Title:A Systematic Evaluation of Solubility Enhancing Excipients to Enable the Generation of Permeability Data for Poorly Soluble Compounds in Caco-2 Model
Volume: 8
Issue: 2
Author(s): Devang Shah, Sundeep Paruchury, Muralikrishna Matta, Gajendra Chowan, Murali Subramanian, Ajay Saxena, Matthew G. Soars, John Herbst, Roy Haskell, Punit Marathe and Sandhya Mandlekar
Affiliation:
Keywords:
BCRP, Caco-2, co-solvents, excipients, permeability, P-gp, poor recovery, poor solubility, transporters.
Abstract: The study presented here identified and utilized a panel of solubility enhancing excipients to enable the
generation of flux data in the Human colon carcinoma (Caco-2) system for compounds with poor solubility.
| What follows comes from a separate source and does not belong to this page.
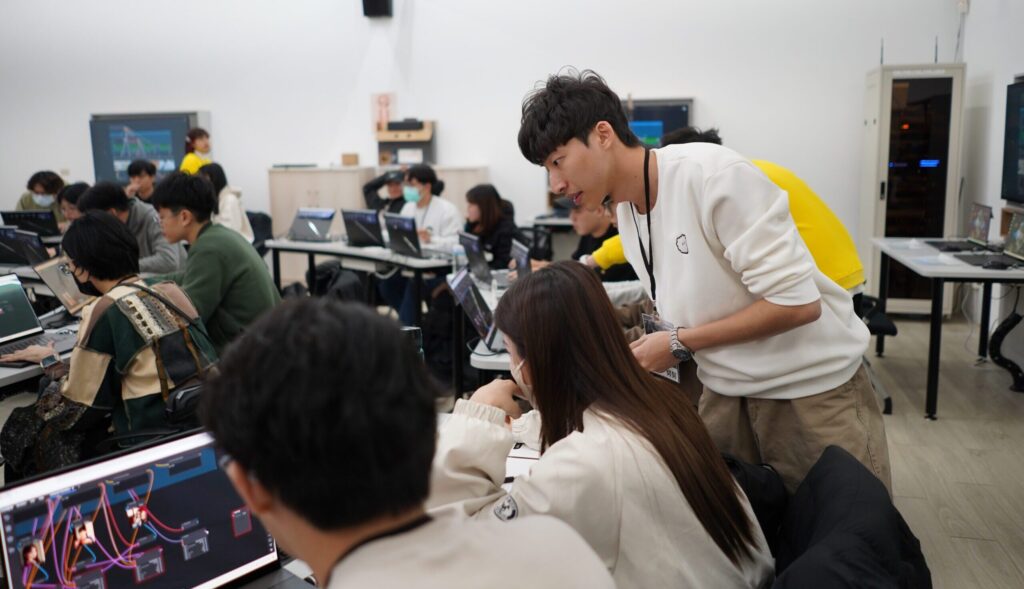 東海大學「玉釵ai-nb教室」迎來ai教育新血　nuva攜手nvidia共育ai圖像創作人才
Solubility
enhancing excipients Dimethyl acetamide (DMA) 1 % v/v, polyethylene glycol (PEG) 400 1% v/v, povidone 1% w/v,
poloxamer 188 2.5% w/v and bovine serum albumin (BSA) 4% w/v did not compromise Caco-2 monolayer integrity as
assessed by trans-epithelial resistance measurement (TEER) and Lucifer yellow (LY) permeation. Further, these
excipients did not affect P-glycoprotein (P-gp) mediated bidirectional transport of digoxin, permeabilities of high
(propranolol) or low permeability (atenolol) compounds, and were found to be inert to Breast cancer resistant protein
(BCRP) mediated transport of cladribine. This approach was validated further using poorly soluble tool compounds,
atazanavir (poloxamer 188 2.5% w/v) and cyclosporine A (BSA 4% w/v) and also applied to new chemical entity (NCE)
BMS-A in BSA 4% w/v, for which Caco-2 data could not be generated using the traditional methodology due to poor
solubility (<1 µM) in conventional Hanks balanced salt solution (HBSS). Poloxamer 188 2.5% w/v increased solubility of
atazanavir by >8 fold whereas BSA 4% w/v increased the solubility of cyclosporine A and BMS-A by >2-4 fold thereby
enabling permeability as well as efflux liability estimation in the Caco-2 model with reasonable recovery values. To
conclude, addition of excipients such as poloxamer 188 2.5% w/v and BSA 4% w/v to HBSS leads to a significant
improvement in the solubility of the poorly soluble compounds resulting in enhanced recoveries without modulating
transporter-mediated efflux, expanding the applicability of Caco-2 assays to poorly soluble compounds.